REPERTORIO E TRAMA ... per dieci minuti al giorno di lettura e scrittura:

 In quale occasione hai provato la sensazione di essere "periegeta", cioè viaggiatore che "fa parlare ciò che vede"?

Scrivi quattro righe in proposito…

   E allora, veniamo al dunque: se noi conosciamo la storia di Pelope, lo dobbiamo all’opera di Pausania e la sua Ellados peri egesis, la guida. il viaggio in Grecia. Che cosa ci racconta Pausania – attraverso frammenti, che devono essere ricostruiti, come in un puzzle – della storia di Pelope e dei Pelopidi? Guardate, prima di "raccontare", Pausania si fa una domanda importante e, con lui, ce la facciamo anche noi: è giusto, è lecito, è conveniente raccontare l’abominevole, il riprovevole? Si esorcizza il male raccontando l’abominevole, l’orrore?

REPERTORIO E TRAMA ... per dieci minuti al giorno di lettura e scrittura:

Quale altra parola ti fa venire in mente la parola: abominevole?

Scrivi quattro righe in proposito…

   Il racconto mitico, la rapsodia epica – si domanda Pusania – nasce come fosse un vaccino per prevenire il male? Quale risposta si dà Pausania, in proposito?
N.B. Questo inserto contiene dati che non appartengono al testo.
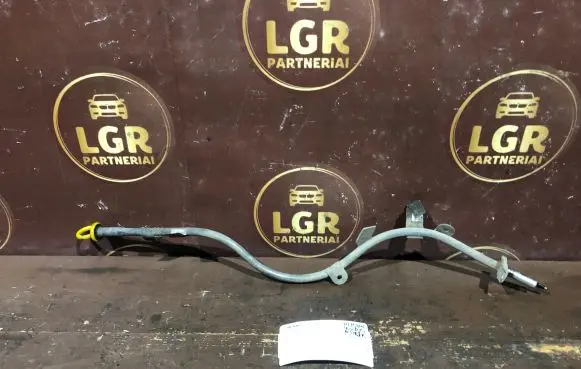 Oil level dip stick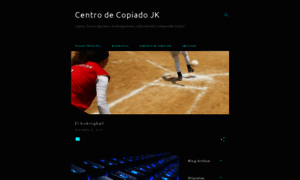 Centrodecopiadojk.blogspot.com thumbnail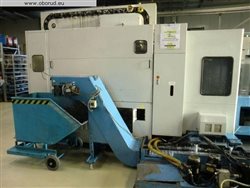 Горизонтальный обрабатывающий центр Mazak H 415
Egli si dà una risposta rifacendosi alla tradizione – che ai suoi tempi è un po’ trascurata – del genere letterario della tragedia: i grandi tragediografi Eschilo, Sofocle, Euripide hanno utilizzato l’abominevole, il riprovevole, il senso dell’orrore per stimolare una riflessione, nella società della polis, sul problema del "male", della "natura del male". Pausania scrive: "In fin dei conti i più grandi monumenti della nostra cultura (greca) sono i testi delle tragedie, la produzione più raffinata della nostra cultura è la tragedia, e alla tragedia, nella polis, era affidato un forte valore etico e formativo". Difatti, nelle vicende narrate sulla scena – mentre viene rappresentata una tragedia – si esprimono, in modo esemplare, le nozioni sulle quali è necessario che i cittadini riflettano. Pensate che nella polis il teatro è uno degli elementi fondamentali e costitutivi: con l’agorà (la piazza), con l’acropoli, con il tempio. Pensate che nella polis, di 2500 anni fa, il cittadino, non solo non comprava il biglietto per andare a teatro, ma veniva pagato perché partecipasse al rito della tragedia, alle rappresentazioni. La città-Stato favoriva la generale partecipazione a teatro con "gettoni di presenza" e la tragedia era l'unica occasione sociale alla quale partecipassero anche le donne e gli schiavi.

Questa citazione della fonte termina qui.